Shura schloss die Zelle und wollte gerade gehen, als eine Frage aus dem Mädchen heraus schoss. Eine Frage, die sie sich bis jetzt noch nicht traute zu stellen, welche aber schon die ganze Zeit in ihrem Kopf herumgeisterte: "Was ist mit Amaimon passiert?"
Ohne zu antworten, lies die pinkhaarige Frau Alice allein.
Diese lies sich auf den Boden sinken und starrte ins Leere. Wie sollte es jetzt weiter gehen?
Doch bevor sie einen wirklichen Panikzustand deswegen erreichen konnte, stand auf einmal Mephisto vor ihr und öffnete die Zellentür.
"Also, du bist frei. Keine Angst, ich hab' Alles geklärt und du kannst gehen, darfst dich nur nie wieder hier blicken lassen, aber ich denke, das dürfte kein Problem sein."
Überraschte sprang Alice auf und folgte ihrem Schuldirektor.
Dank einem der geheimnisvollen Schlüssel, mit denen man beliebige Türen zu bestimmten Orten öffnen konnte, waren sie schnell in seinem Büro, wo er sich hinter seinem Schreibtisch nieder lies.
"D-Danke." War alles, was Alice heraus bekam, sie war so erleichtert frei zu sein.
Mephisto hatte sein gewöhnliches Grinsen im Gesicht. "Sagen wir, es war deine Belohnung, eine Hand wäscht die andere." Sagte er mit einem Zwinkern. "Allerdings wirst du der Schule verwiesen, dein Vater ist informiert, du wirst unten erwartet, um nach Hause gebracht zu werden."
Alice nickte.

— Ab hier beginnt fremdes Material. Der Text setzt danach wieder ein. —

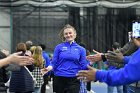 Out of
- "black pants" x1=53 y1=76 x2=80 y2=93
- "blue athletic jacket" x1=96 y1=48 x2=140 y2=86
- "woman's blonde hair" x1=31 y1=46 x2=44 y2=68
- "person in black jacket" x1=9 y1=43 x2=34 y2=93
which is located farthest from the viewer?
"woman's blonde hair" x1=31 y1=46 x2=44 y2=68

Nervös spielte sie an ihren Fingern herum, bis sie endlich sprach: "Geht es Amaimon gut?"
"Er konnte gerade noch entkommen. Nur dank deinem Einsatz. Ziemlich guter Einfall übrigens."
Ein schwaches Lächeln erschien auf dem Gesicht des Mädchens. "Und wo ist er jetzt?"
"Gehenna. Seine Mission hier ist beendet, er ist sofort nach Hause zurückgekehrt." Mephistos Hände waren über dem Tisch gefaltet und er hatte sein Kopf auf ihnen abgesetzt.
"Achso. Das ist gut." Was hatte sie auch erwartet? "Dann werde ich mal gehen. Danke nochmal."
"Ich habe zu Danken."
Damit verließ Alice das Büro. Sie war anscheinend länger ohnmächtig, als gedacht, denn zu ihrer Überraschung war schon ein neuer Schultag angebrochen und gerade Mittagspause, da viele Schüler auf den Gängen unterwegs waren.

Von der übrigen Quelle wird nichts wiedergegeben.